This is a really kind-hearted artist's rendering of what I look like after exercising |
That’s not
an excuse for my complete lack of fitness (as excuses go, I’ve made better),
but rather more of a philosophical viewpoint.
Obviously
the real reason I’m unfit is because I’m lazy, but for the first 20 years of my
life I was lazy in a less obvious way. I’d
always preferred team sports over the individual pursuits, and it was easy to
assume this was because I was a naturally social person (an absurd assumption
really, when combined with the well-known fact that I don’t like people).
Retrospectively
I realise the real reason I so excelled at softball, basketball, hockey, cricket
and touch football was because they actually involved a superb amount of
standing. You may think to yourself that
basketball, hockey and touch football in particular actually involve a
ludicrous amount of running, but you’d be wrong – not the way I played
them. I am an excellent stander (for no
longer than 60 minutes). When a whole
team of people are running around madly, it can actually be considered an asset
to be the one person who will always be reliably found standing in the same spot.
The only
time I’ve managed to become some version of athletic was by complete
accident.
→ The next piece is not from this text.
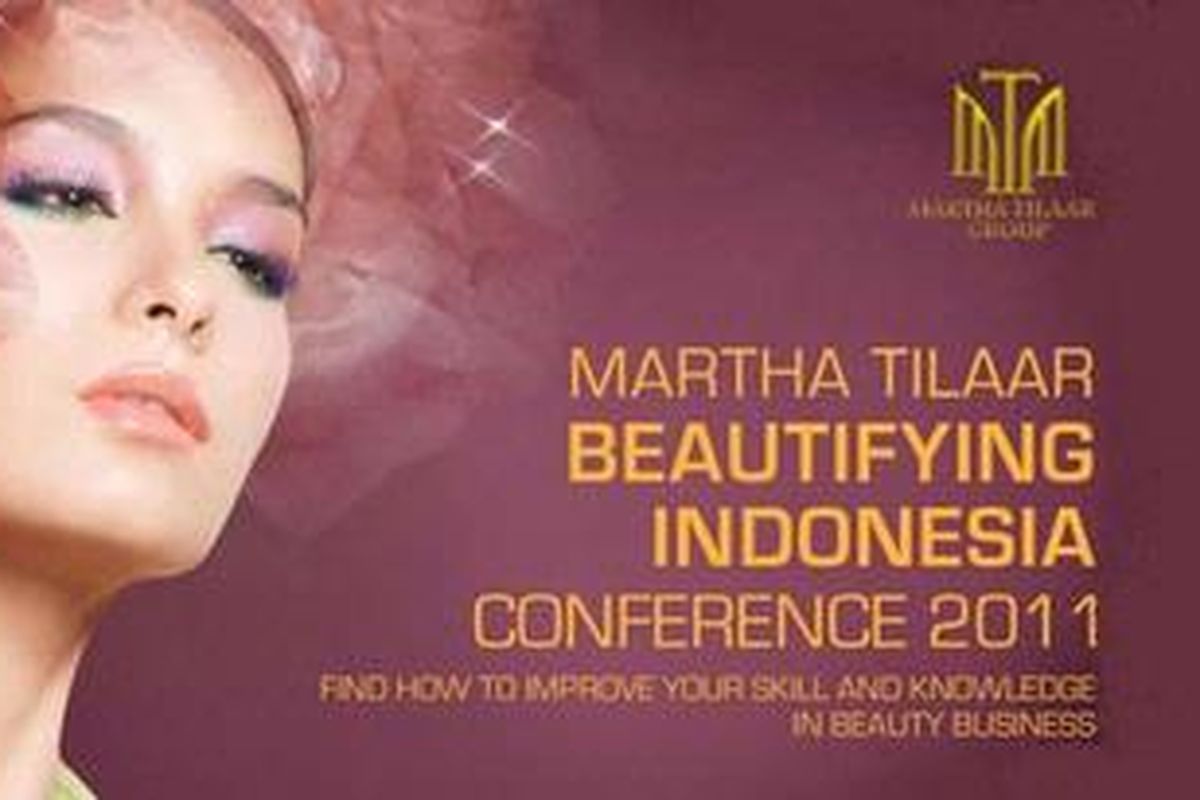 Martha Tilaar Beautyfying Indonesia Conference 2011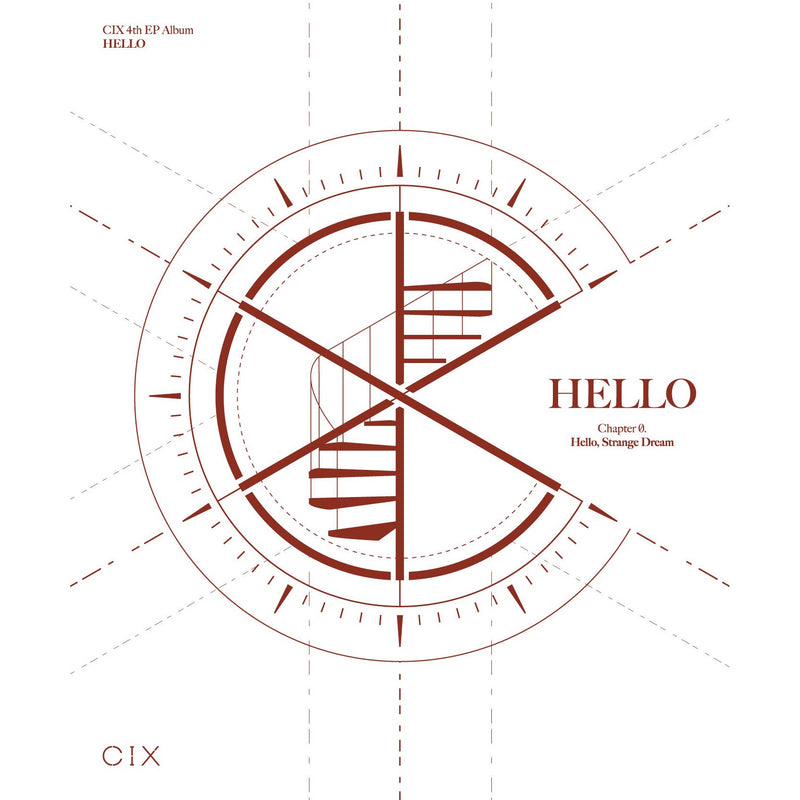 CIX | 씨아이엑스 | 4th EP [HELLO Chapter Ø : HELLO , STRANGE DREAM]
I hiked the Machu Picchu trail
and I can only assume the lack of the oxygen in the air made me more efficient
at breathing or something (because that’s how those things work, surely).
When I went
to university I got a bicycle and briefly became determined to be one of those
people who rode everywhere (you know, Dutch, but with a point), and promptly
failed. I lacked the necessary balance
and grit to ride up hills and inevitably ended up walking my bike most of the
way.
That was 8
years ago, which is how long it took for me to recover from the mortification
of being overtaken by toddlers on tricycles.
So here I
am, in my late 20’s, newly emboldened to try to become fit. I’m attempting this through running, but you
know what they say, you have to wog
before you can run. Where do they say that (Mother Painefull
wonders to herself as she engages in her weekly furniture rearranging
session)? Cool places mum, that’s where.
This is a rather sarcastic artist's rendering of what wogging looks like, the kind of clothes I do it in, and what sports bras do to my breasts - thanks Phil, you douche |
I’m sure I
don’t have to explain what wogging is, but I will. It’s the pursuit of personal transportation
through a combination of both walking and jogging. And because it’s pretty much a science, I can
tell you it can only become such a hybrid once 10% of the journey is done with
jogging. Of course, once the jogging
takes up over 50% it becomes jalking (please don’t argue with me over the
naming system, I have put a rather sad
amount of thought into this – I think ‘brunch’ and ‘liger’ prove that the
dominant feature gets leading naming rights, don’t you?).
But as I
mentioned, it’s been 8 years since I attempted any meaningful and regular
exercise, and 2 new facts have emerged:
1. Wogging is actually incredibly boring
2. Without my glasses I am basically blind
As such I’ve
had to invent games to make it more interesting, and fortunately wogging blind
provided the very first one. This game
was called ‘Man-Woman?’ Without spectacles I can’t even pick someone’s
gender until they’re standing beside me… with that in mind I tend to lose at
this game more than I win.
After
tripping over several hoses, 2 branches, a crack in the pavement, and an orange
safety cone I started wearing my glasses while wogging, which meant coming up
with a new game. This one is called ‘Engage!’. When playing this game you get a point for
every time you get someone to respond to your greeting while you wog. This has the added bonus of alleviating some
of the concern of people who look at me as if I’m dying as I heave past them,
gasping for air.
You lose a
point for every fail, and get bonus points if both members of a couple respond
to your engagement, or if you can somehow get someone to spontaneously high
five you as you go past (it’s only happened once, and it was a wonderful day).
I wouldn’t
say I’m getting fit, so much as I’m getting moderately less unfit. And the public nature of the whole thing is
helping with my innate laziness. The
ease with which I get mortified in front of strangers, combined with the amount
of construction workers sitting around listening to talkback radio in my
suburb, means I spend much more time jogging, and trying to look nonchalant
while doing it, than my body really wants to allow. For some reason I’m really determined that
these predominantly overweight men think I’m running the whole way (in reality
I doubt they notice, but it’s somehow important to me to think they do… like
it’s important to me not to make eye contact with the cashier while buying
tampons).
Painefull
Out
I want to go withing with you. You made me laugh with this and I woke up cranky husband.